The same can be said for the Indo-Pakistani border region, which stretches roughly 33 kilometers and is edged with dangerous and rugged terrain that in many places is only traveled by foot or with use of pack animals. In this border region, traffickers hide their cargo in pipes that are lobbed over the border.

In water-lined areas, drugs are packed in inflatable tubes and pushed across the water shrouded within marine foliage. In segments of this border region that are passable by vehicle, drugs are smuggled inside of trucks among legitimate cargo. Another common practice of more organized smuggling rings is to lure unsuspecting Pakistanis  who are seeking job opportunities into becoming unwitting or forced drug mules. 

No matter the method employed to get the contraband into India, the heroin or opium is then channeled to large ports like Jawaharlal Nebru, part of the International North South Trade Corridor (INSTC), and camouflaged within shipping containers bound for other transoceanic ports in East Africa, namely Mombasa. The port in Mombasa has become infamous for mismanagement and corruption.

Allegations of both have led to massive upheavals in the staff that operate the port, which includes individuals in high administrative positions. While every major port of entry in the world can and will likely be targeted by drug smugglers, fewer ports have faced the levels of controversy and have been subjected to as much public scrutiny as the port in Mombasa. 

In September 2019, a whistleblower cited malpractice within the Kenya Ports Authority and noted, “the port is a hotbed of corruption.” The whistleblower became the key witness in an investigation led by the Director of Criminal Investigations, George Kinoti, to uncover scores of allegations that included stealing cargo and tampering with computerized customs systems.
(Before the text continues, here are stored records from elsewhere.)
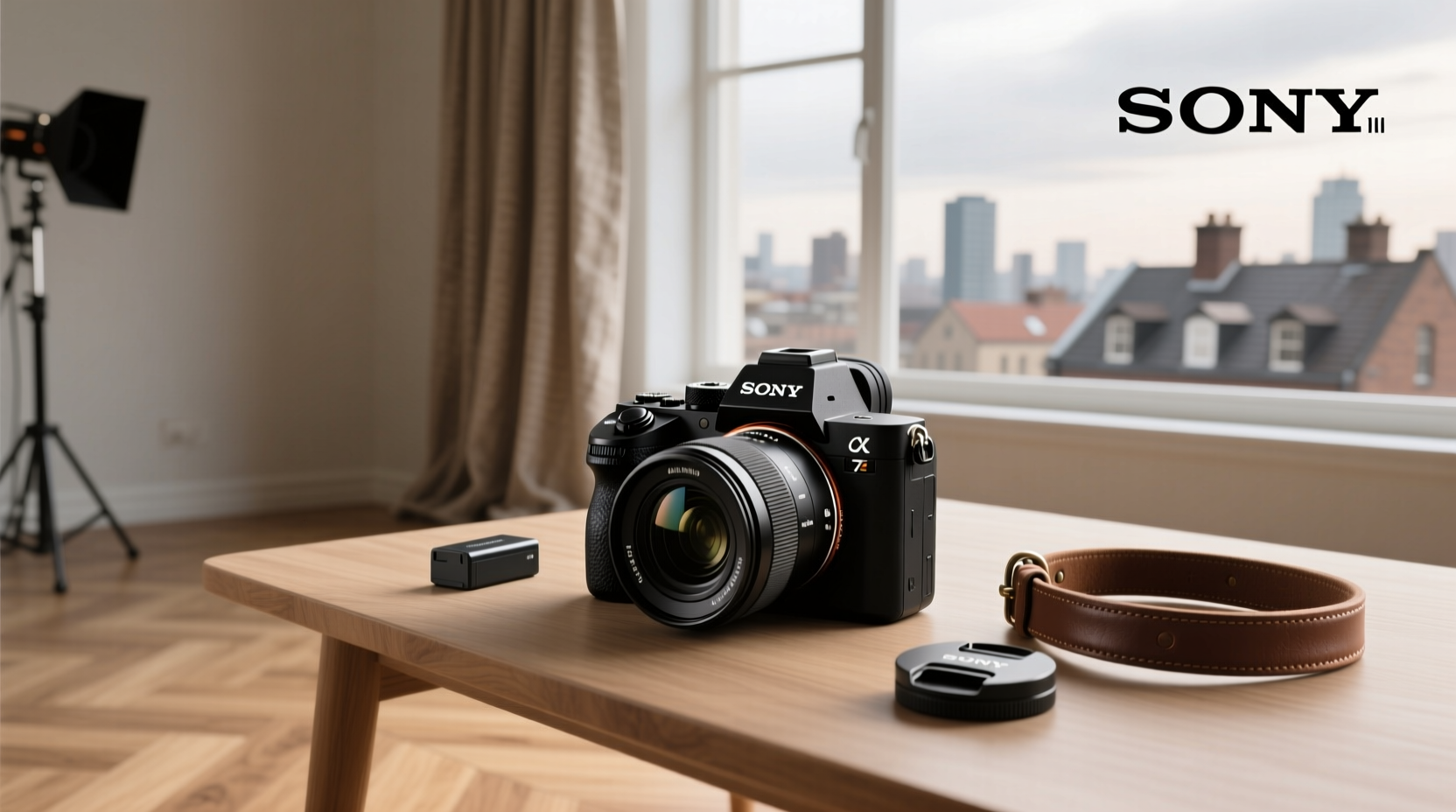 Sony Alpha A7 III Price: What You Should Pay in 2024–2026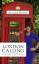 Annette Dittert: London Calling - Als De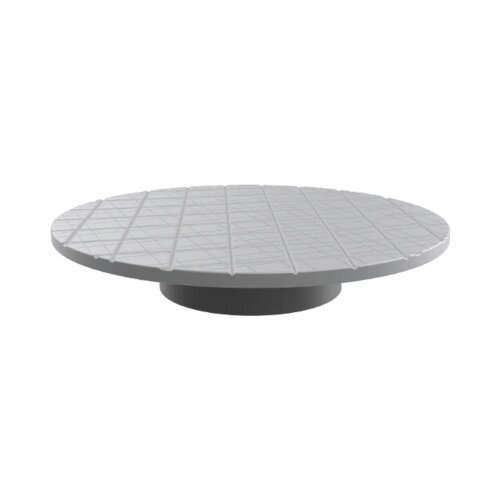 BASIC Turntable Cijene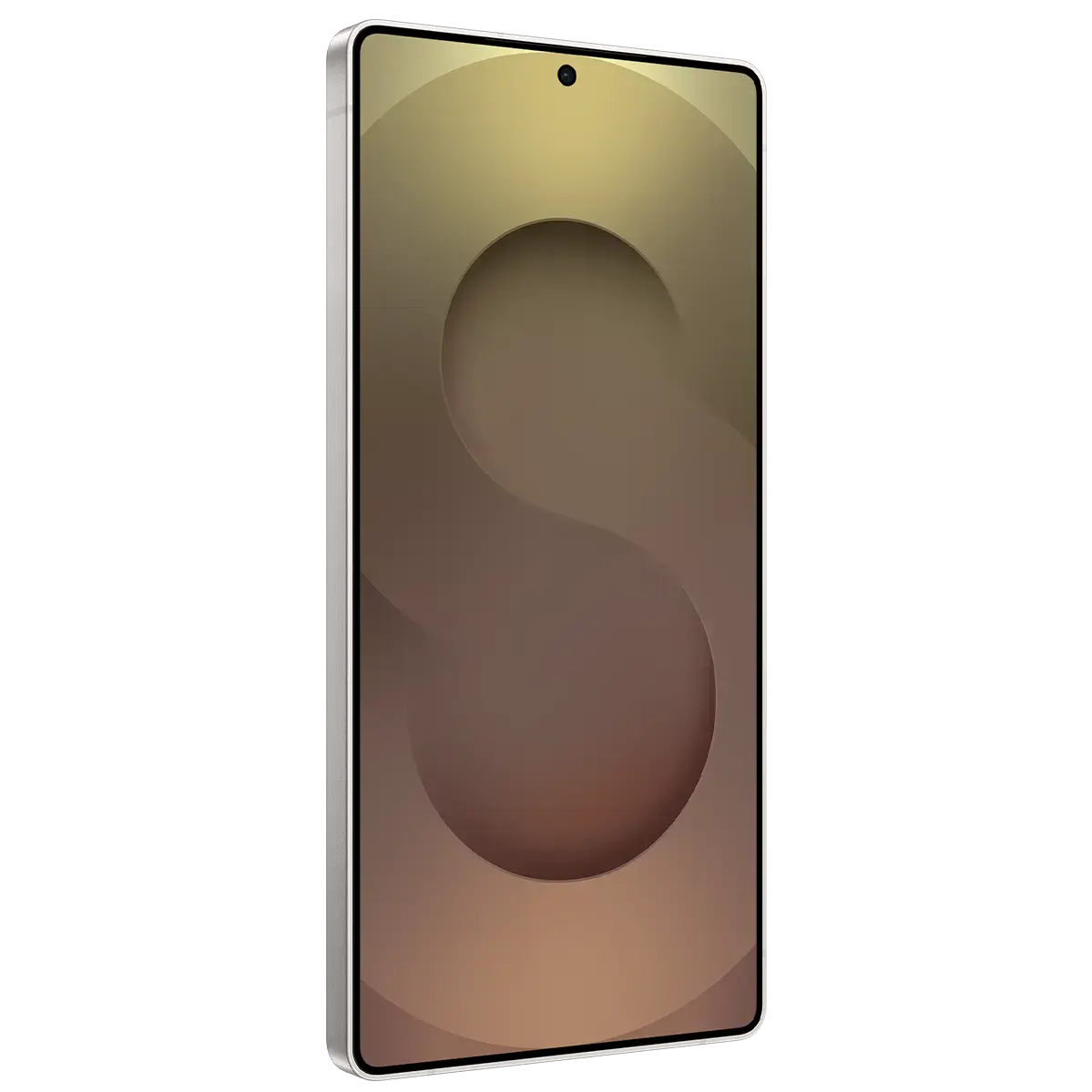 Смартфон Samsung Galaxy S25 Ultra 12/1TB - Titanium Pinkgold (SM-S938BZDH)
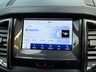 USED 2020 20 FORD RANGER 3.2 TDCI WILDTRAK RAPTOR KIT PICKUP DOUBLE CAB 20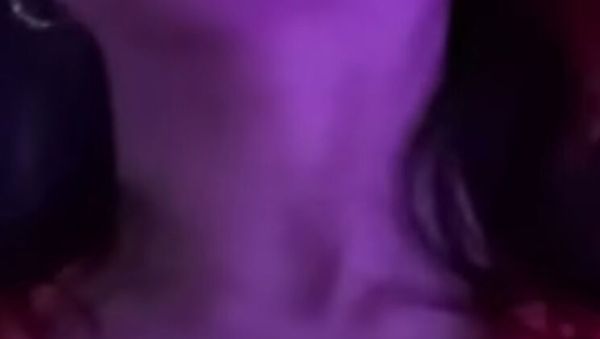 Horny Latina Katty Blake Fucks Uber Driver Zack - Big Booty Riding & Deep Throat Blowjob - xxxfiles.com on poweredporn.com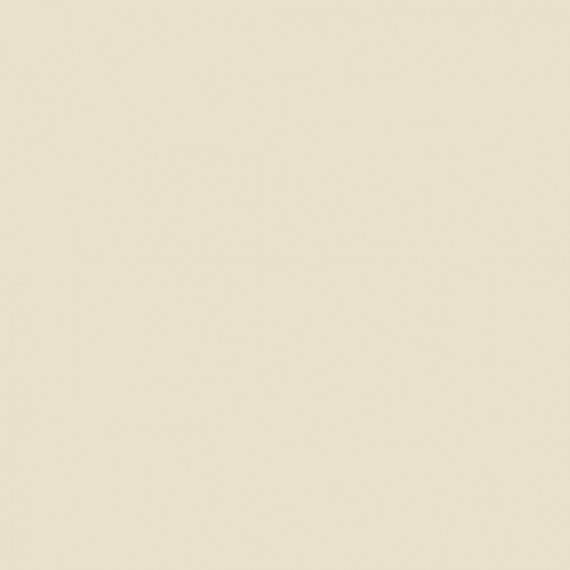 Плитка MEAR Architettura Antelami New 15*15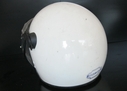 Filename=Original_Tellus_Colonist_Helmet_04.jpg
Filesize=71KiB
Dimensions=1200x857
Date added=Oct 01, 2012 Original_Tellus_Colonist_Helmet_04.jpg
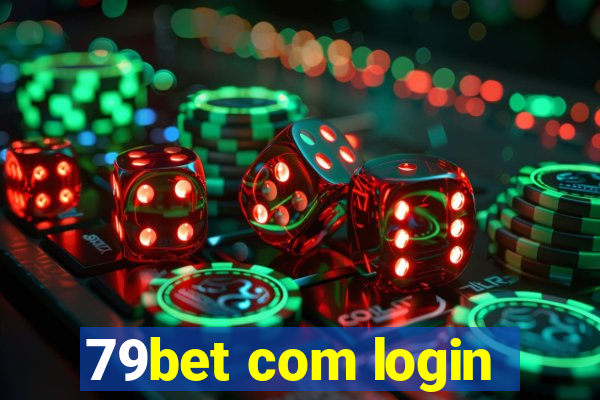 79bet com login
There were further accusations that suspected port officials aided in the procurement of goods not properly subjected to customs procedures. These allegations exposed serious flaws and lapses in port security, including the monitoring of its own officials.

The Kenyan government charged 10 men and 3 women with a slew crimes ranging from stealing containers to aiding in tax evasion. The port’s Managing Director Daniel Manduku and other senior officials came under fire for mismanagement and gross negligence.

Shortly after, in November 2019, Manduku and five senior officials were dismissed. Yet allegations like these had been hovering around the port’s operations for years.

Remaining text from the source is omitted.